_Task statement:_
Every word in the data below belongs in your copy, exactly as given; the pictures do not.
START Task inputs
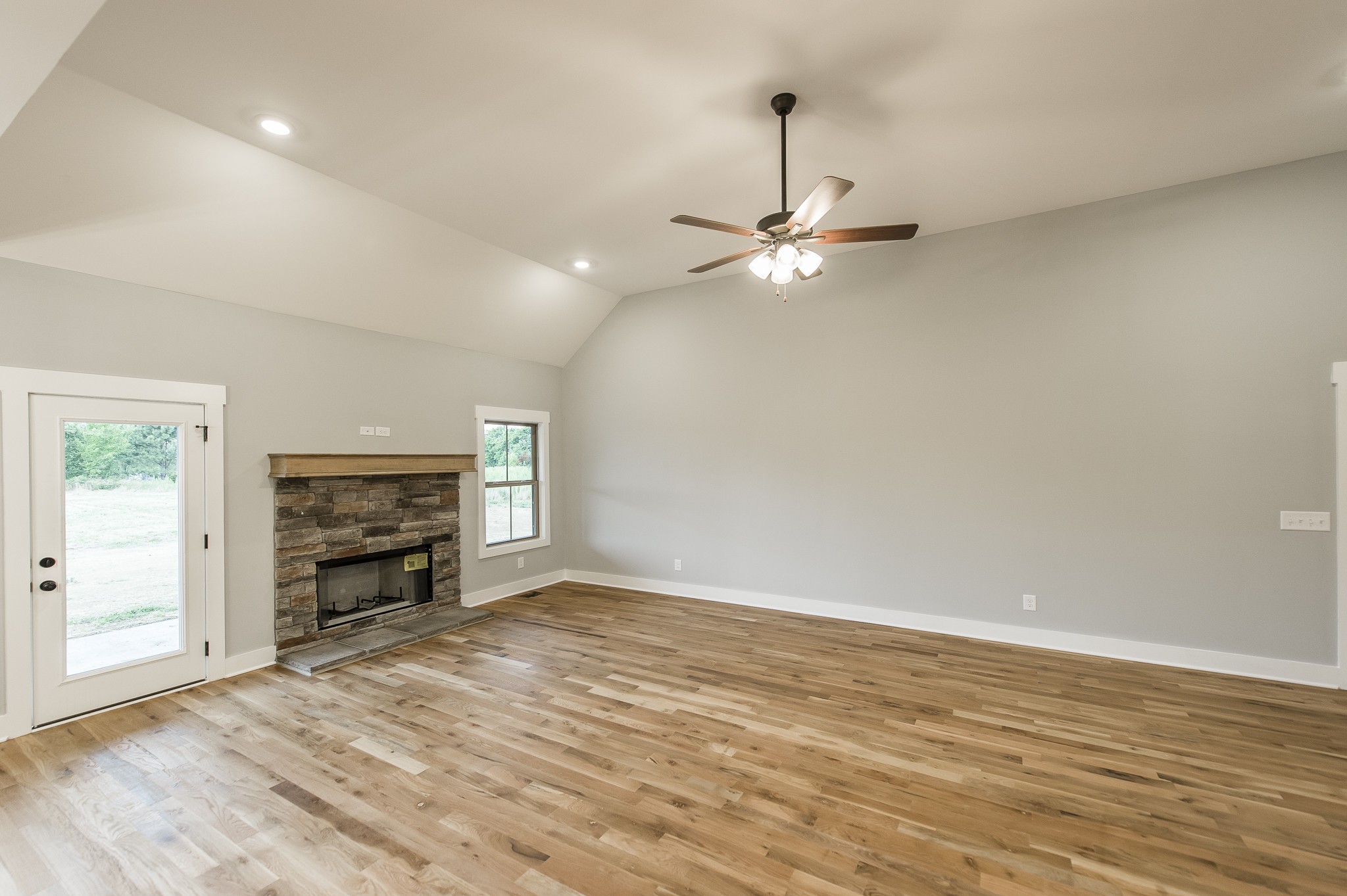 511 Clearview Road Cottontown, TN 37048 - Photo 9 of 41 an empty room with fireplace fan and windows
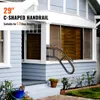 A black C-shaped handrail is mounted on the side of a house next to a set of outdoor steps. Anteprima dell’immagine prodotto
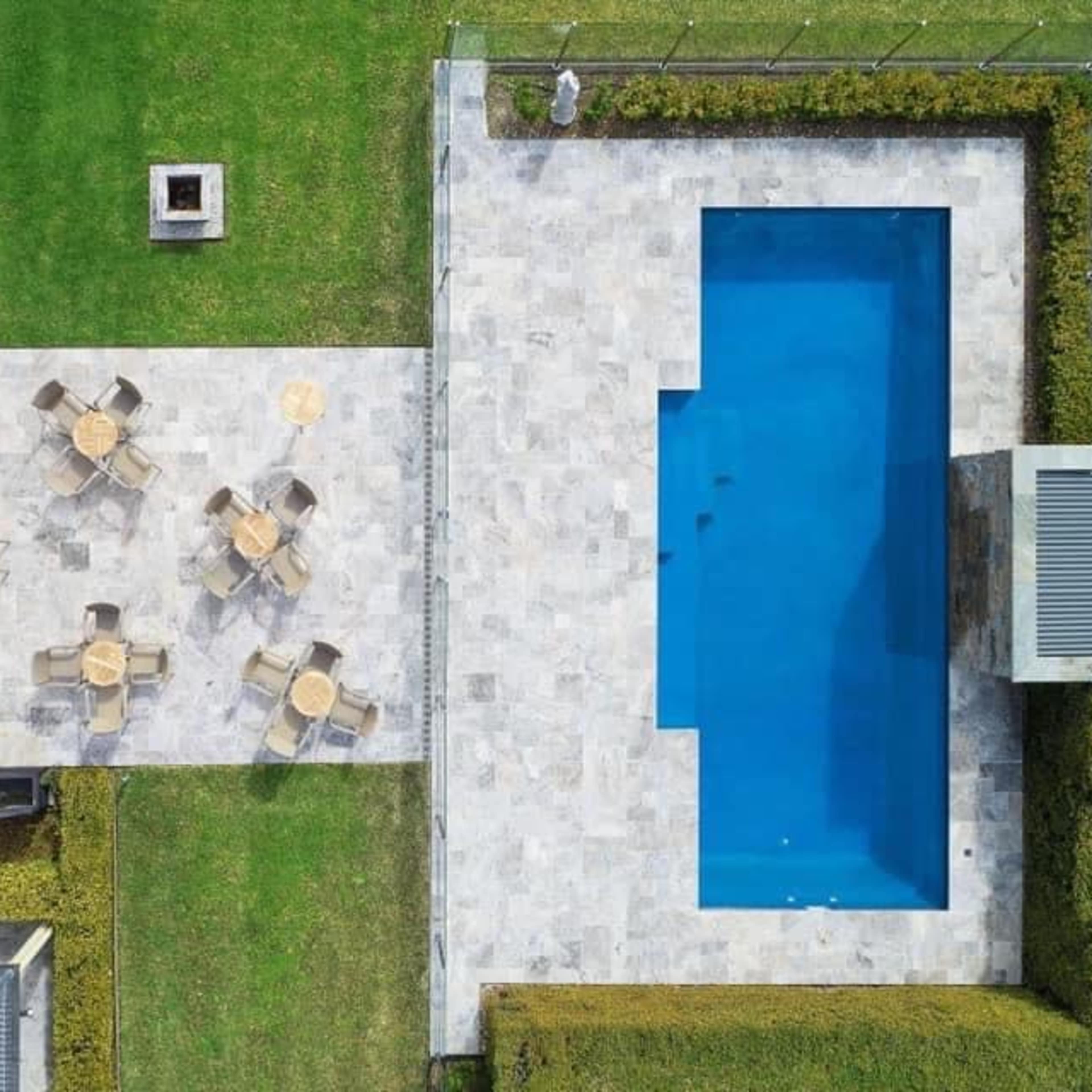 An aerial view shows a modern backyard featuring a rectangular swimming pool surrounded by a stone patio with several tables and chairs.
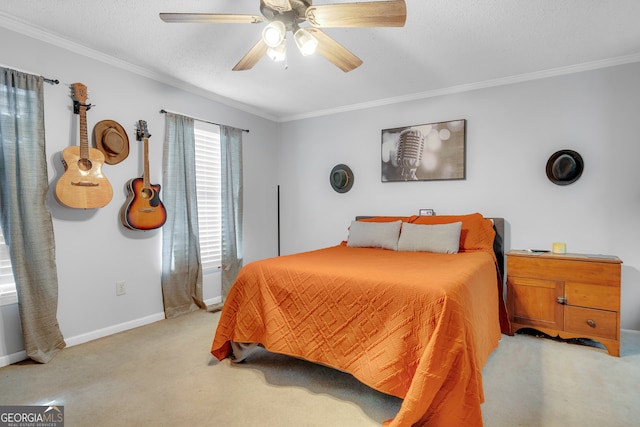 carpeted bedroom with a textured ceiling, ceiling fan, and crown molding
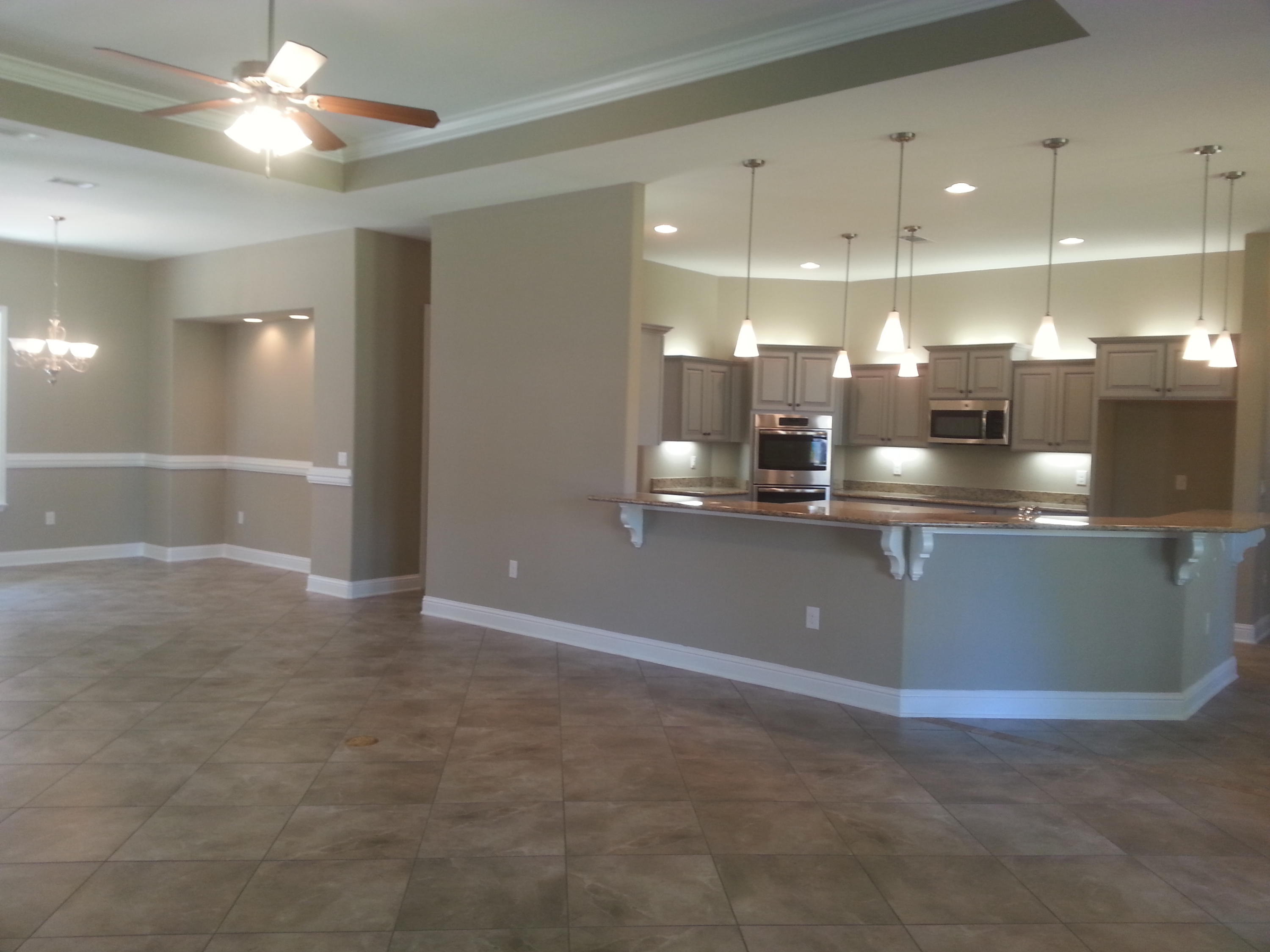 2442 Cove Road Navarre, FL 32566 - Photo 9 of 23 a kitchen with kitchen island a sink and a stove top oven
END Task inputs
_Answer box:_
 511 Clearview Road Cottontown, TN 37048 - Photo 9 of 41 an empty room with fireplace fan and windows
 A black C-shaped handrail is mounted on the side of a house next to a set of outdoor steps. Anteprima dell’immagine prodotto
 An aerial view shows a modern backyard featuring a rectangular swimming pool surrounded by a stone patio with several tables and chairs.
 carpeted bedroom with a textured ceiling, ceiling fan, and crown molding
 2442 Cove Road Navarre, FL 32566 - Photo 9 of 23 a kitchen with kitchen island a sink and a stove top oven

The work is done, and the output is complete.